Travel Abroad Teaches More Than Baseball
By Teddy Cahill with Baseball America
In the middle of last December, Virginia traveled to Central America for a weeklong trip to Panama and Costa Rica. It was in Estadio Nacional de Panama in Panama City where the Cavaliers began their road to Omaha and the 2015 national championship with an exhibition game against Panama Metro, a team in the country’s winter league.
Virginia won the game, 9-1, and continued on a trip that blended baseball with team-building activities, such as a zipline tour through the rain forest and white-water rafting. Somewhere along the way, the rallying cry “Panama to Omaha” was born.
The cheer proved prophetic six months later, as Virginia completed a surprising run through the NCAA tournament and won its first national championship.
Coach Brian O’Connor isn’t sure exactly when the Cavaliers started saying “Panama to Omaha.” But he said the cheer showed how much the experience meant to the team.
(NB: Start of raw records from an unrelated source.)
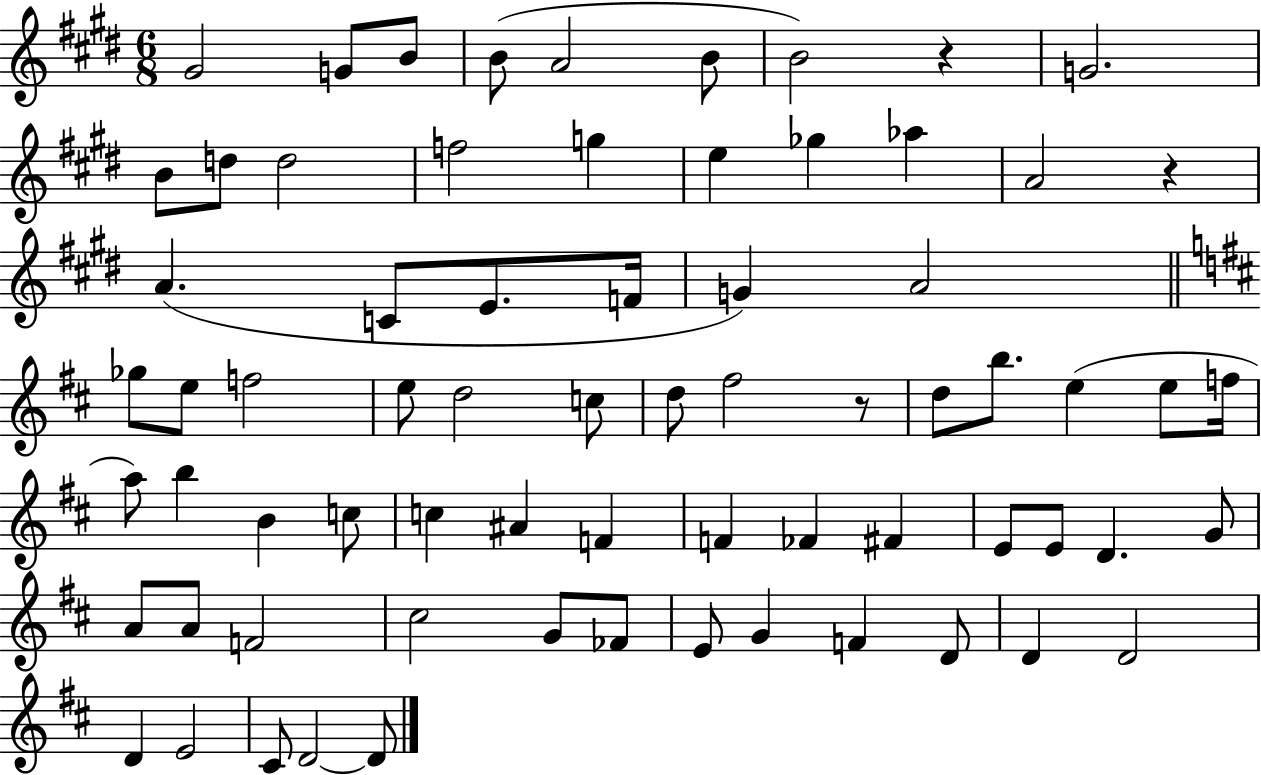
{
  \clef treble
  \numericTimeSignature
  \time 6/8
  \key e \major
  gis'2 g'8 b'8 | b'8( a'2 b'8 | b'2) r4 | g'2. | \break b'8 d''8 d''2 | f''2 g''4 | e''4 ges''4 aes''4 | a'2 r4 | \break a'4.( c'8 e'8. f'16 | g'4) a'2 | \bar "||" \break \key d \major ges''8 e''8 f''2 | e''8 d''2 c''8 | d''8 fis''2 r8 | d''8 b''8. e''4( e''8 f''16 | \break a''8) b''4 b'4 c''8 | c''4 ais'4 f'4 | f'4 fes'4 fis'4 | e'8 e'8 d'4. g'8 | \break a'8 a'8 f'2 | cis''2 g'8 fes'8 | e'8 g'4 f'4 d'8 | d'4 d'2 | \break d'4 e'2 | cis'8 d'2~~ d'8 | \bar "|."
}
“That’s how much our guys got out of it,” O’Connor said. “They’re so thankful they had this opportunity.”
NCAA rules limit teams to one foreign tour every four years, so the Cavaliers spent this fall at home in Charlottesville, Va. But several other teams traveled during fall ball in what is becoming a growing trend in college baseball. Most teams went to the Dominican Republic, but Penn State and Richmond went to Cuba and Dallas Baptist visited Curacao in October. Japan has also been a destination for some teams, including Vanderbilt, which went there in 2009.
In addition to the baseball component, players also learn about another culture and get a once-in-a-lifetime experience with their teammates.
Louisville was one of the teams that went to the Dominican Republic this fall. The Cardinals played games against Dominican League teams, an experience that will likely benefit them this spring on the diamond. But they also put on a baseball clinic for local children, volunteered at an orphanage and distributed food in two impoverished villages.
Louisville had barely gotten off the plane on the first day before players were hosting a baseball clinic for children in the town of Juan Dolio. For more than an hour, until it was too dark to continue, the Cardinals instructed the children. Junior closer Zach Burdi said the Cardinals were immediately struck by the conditions they found and a greater sense of appreciation of their own lives.